18. Commitments and Contingencies

Restricted Cash

In connection with certain of the above noted sale/leaseback agreements, cash of $552.8 million and $573.5 million was required to be restricted as security as of March 31, 2024 and December 31, 2023, respectively, which restricted cash will be released over the lease term. As of March 31, 2024 and December 31, 2023, the Company also had certain letters of credit backed by security deposits totaling $351.8 million and $370.7 million, respectively, of which $321.0 million and $340.0 million are security for the above noted sale/leaseback agreements, respectively, and $30.8 million and $30.7 million are customs related letters of credit, respectively.

As of March 31, 2024 and December 31, 2023, the Company had $76.9 million and $76.8 million held in escrow related to the construction of certain hydrogen production plants, respectively.

The Company also had $1.2 million and $0.2 million of consideration held by our paying agent in connection with each of the Joule and CIS acquisitions, respectively, reported as restricted cash as of March 31, 2024, with a corresponding accrued liability on the Company’s unaudited interim condensed consolidated balance sheet. Additionally, the Company had $12.3 million and $11.7 million in restricted cash as collateral resulting from the Frames acquisition as of March 31, 2024 and December 31, 2023, respectively.

Litigation

Legal matters are defended and handled in the ordinary course of business. The outcome of any such matters, regardless of the merits, is inherently uncertain; therefore, assessing the likelihood of loss and any estimated damages is difficult and subject to considerable judgment. We describe below those legal matters for which a material loss is either (i) possible but not probable, and/or (ii) not reasonably estimable at this time. Liabilities for loss contingencies arising from claims, assessments, litigation, fines, and penalties and other sources are recorded when it is probable that a liability has been incurred and the amount can be reasonably estimated. Legal costs incurred in connection with loss contingencies are expensed as incurred. The Company has not recorded any accruals related to any legal matters.

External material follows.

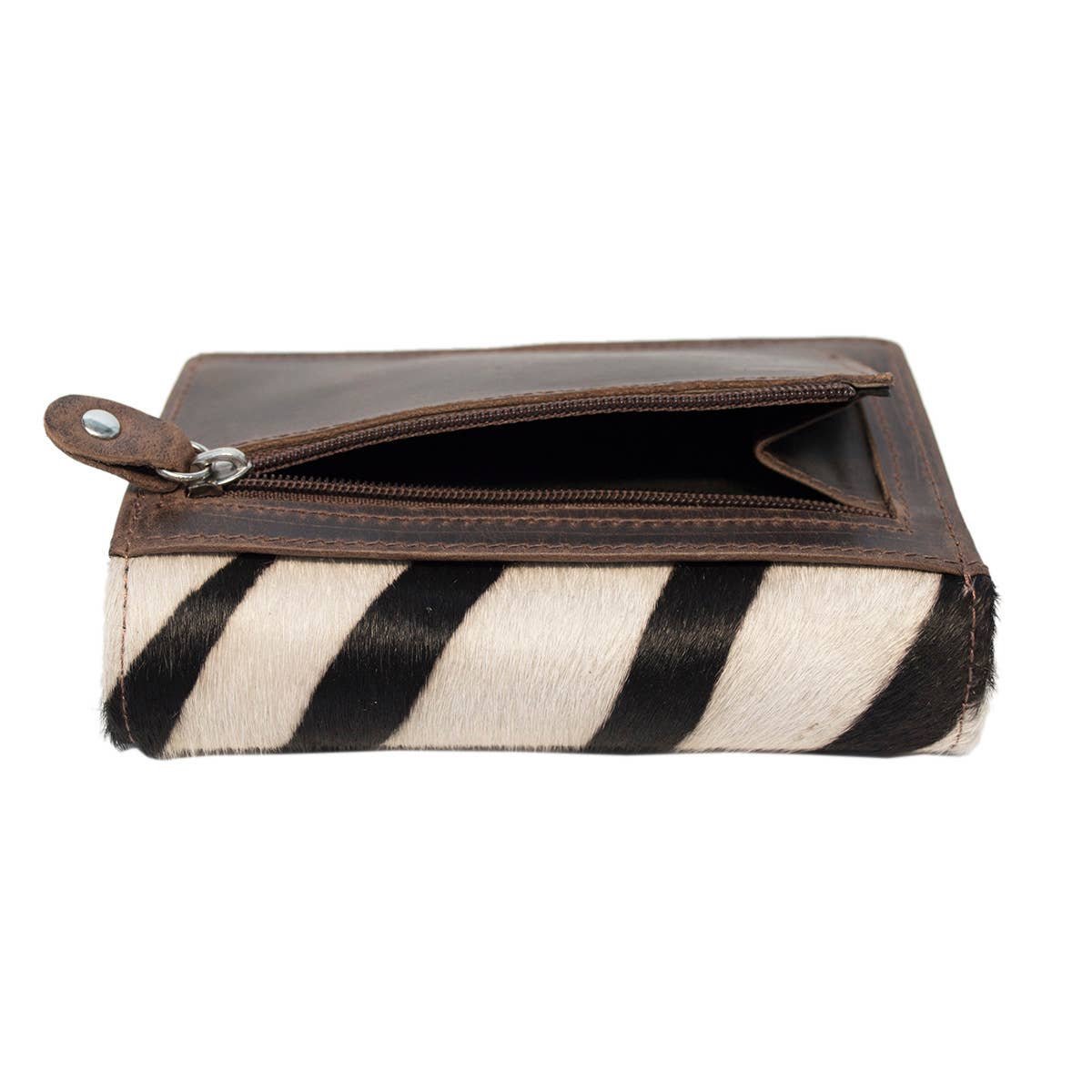 Arrigo - Wholesale Wallet - Women's - Dark Brown Leather Ladies Wallet - Animal Print - Arrigo21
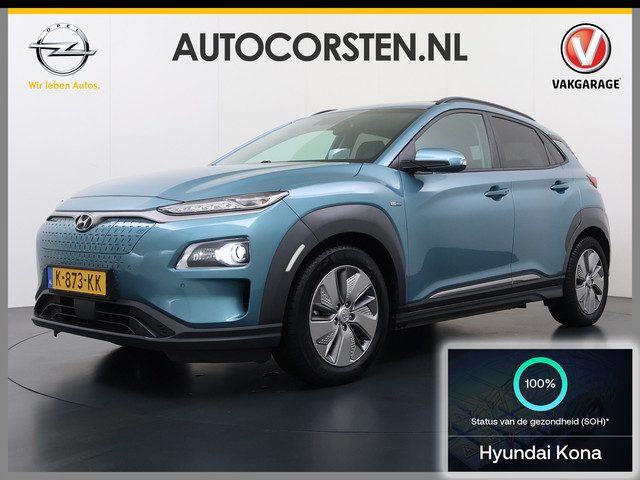 Hyundai Kona EV 64kWh SOH 100% 3-Fase Warmtepomp Leer+Elektr+Verwarmd+Gekoeld! Schuif-/kanteldak Hea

Securities Litigation and Related Stockholder Derivative Litigation

2021 Securities Action and Related Derivative Litigation

Two actions are pending in which alleged stockholders of the Company assert claims derivatively, on the Company’s behalf, based on allegations and claims that had been asserted in a putative securities class action, In re Plug Power, Inc. Securities Litigation, No. 1:21-cv-2004 (S.D.N.Y. (the “2021 Securities Action”). In an opinion and order entered in August 2023, the district court dismissed the 2021 Securities Action with prejudice, and the plaintiffs in that action did not appeal.

A consolidated stockholder derivative action relating to the claims and allegations in the 2021 Securities Action is pending in the Court of Chancery for the State of Delaware, styled In re Plug Power Inc. Stockholder Derivative

Litigation, Cons. C.A. No. 2022-0569-KSJM (Del. Ch.). By stipulation and order, the consolidated action was stayed until motions to dismiss were finally resolved in the 2021 Securities Action. On March 8, 2024, the alleged stockholder plaintiffs filed a consolidated amended complaint in which claims have been asserted against our officers Andrew J. Marsh, Paul B. Middleton, Gerard L. Conway, Jr., and Keith Schmid, and against our current or former directors George C. McNamee, Gary K. Willis, Maureen O. Helmer, Johannes M. Roth, Gregory L. Kenausis, Lucas Schneider, and Jonathan Silver. The Company is named as nominal defendant. Based on allegations in the first and second amended complaints in the 2021 Securities Action, the plaintiffs assert claims against the individual defendants for alleged breaches of fiduciary duty, disgorgement, and unjust enrichment based on alleged transactions in the Company’s securities while allegedly in possession of material non-public information concerning (i) the Company’s financial accounting prior to the announcement that the Company would need to restate certain financial statements and (ii) the potential amendment and termination of a warrant agreement between the Company and a significant customer. Defendants’ responses to the complaint are due by May 10, 2024.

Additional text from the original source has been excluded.